Species of flowering plant

Gynura aurantiaca, called purple passion or velvet plant, is a species of flowering plant in the daisy family Asteraceae. It is native to Southeast Asia but grown in many other places as a house plant. In warm regions, it is frequently grown outdoors on patios and in gardens rather than inside buildings, and hence it has escaped into the wild in Africa, Australia, South America, Mesoamerica, Florida, and a few other places.

==Description==
Gynura aurantiaca is an evergreen perennial growing to 30 cm tall, the stems sometimes growing straight up but other times reclining against other objects, when stems can reach 2 m.

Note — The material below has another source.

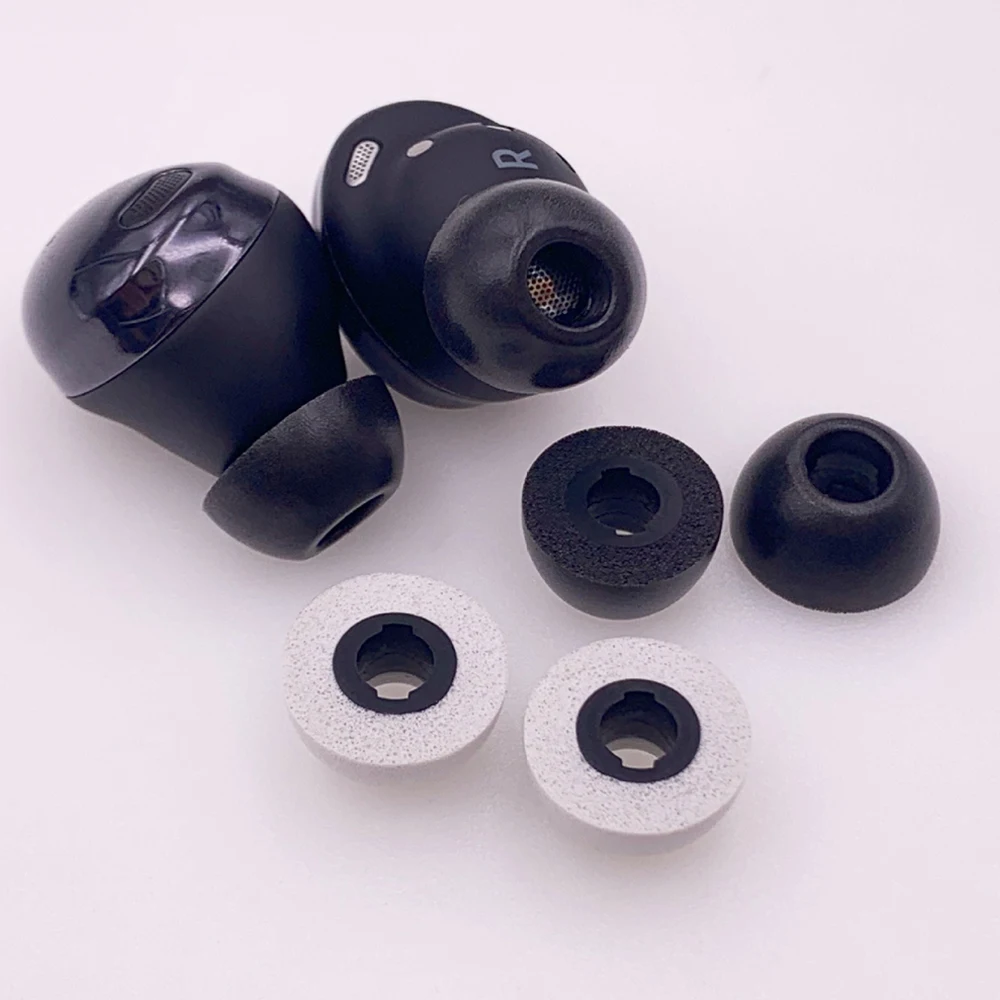 3pair Memory Foam Eatips For Samsung Galaxy Buds Pro, Anti-Slip, No Fall Out, Noise Canceling Ear Pads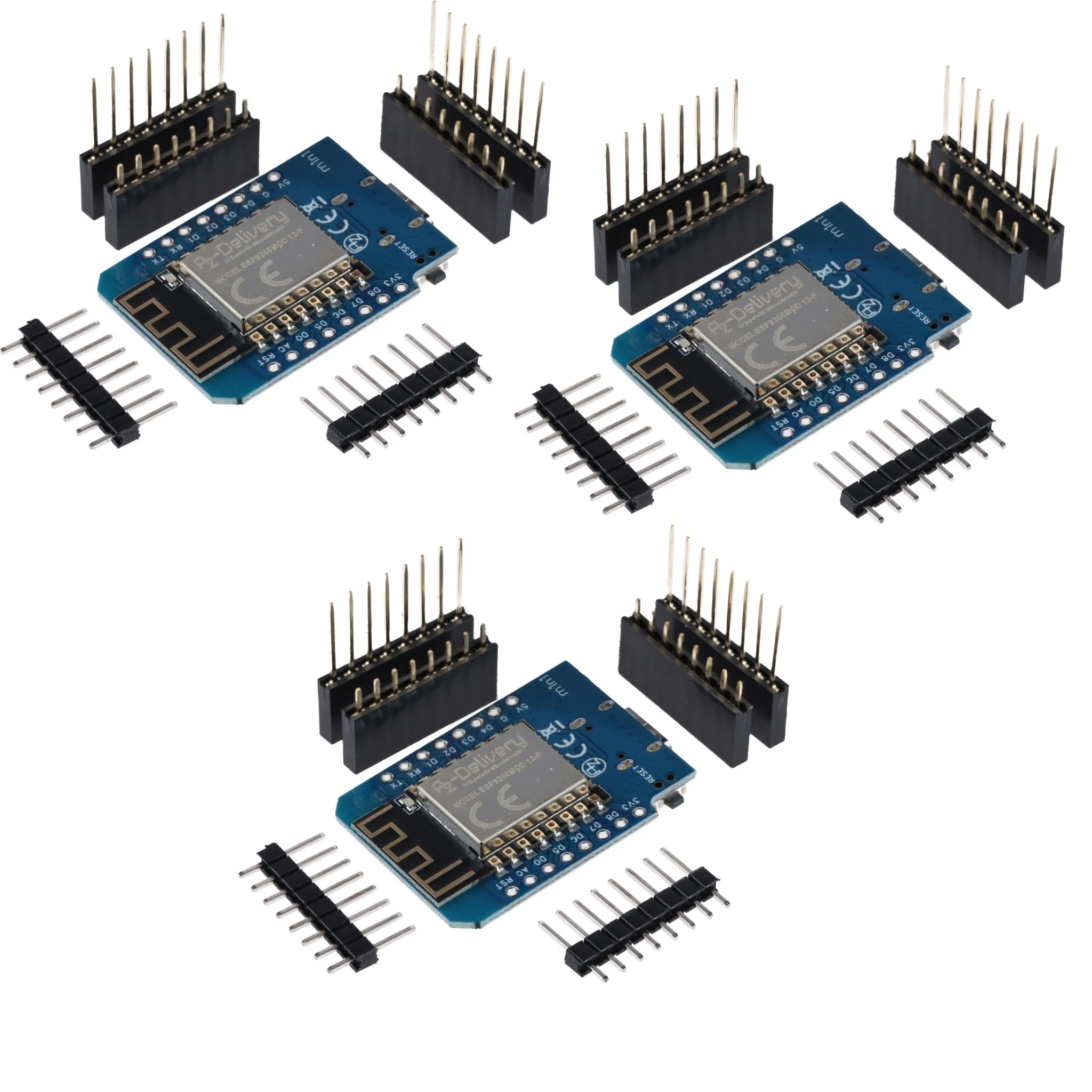 D1 Mini NodeMcu mit ESP8266-12F mit USB-C Anschluss WLAN Module CH340G Lua kompatibel mit Arduino - Image 4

As a house plant, the long trailing vines are appropriate for a hanging pot or similar arrangement. Leaves, stems, and bracts are dark green, covered with soft purple hairs that impart a velvety feeling to the plant. One plant can produce 1-5 flower heads, each on its own flower stalk. The flowers have a rather strong odour. Each head contains several yellow, orange, or red disc flowers but no ray flowers.

==Etymology==
The Latin specific epithet aurantiaca means "orange", referring to the usual colour of the blooms.

==Horticulture==
In cultivation in the UK this plant has gained the Royal Horticultural Society's Award of Garden Merit.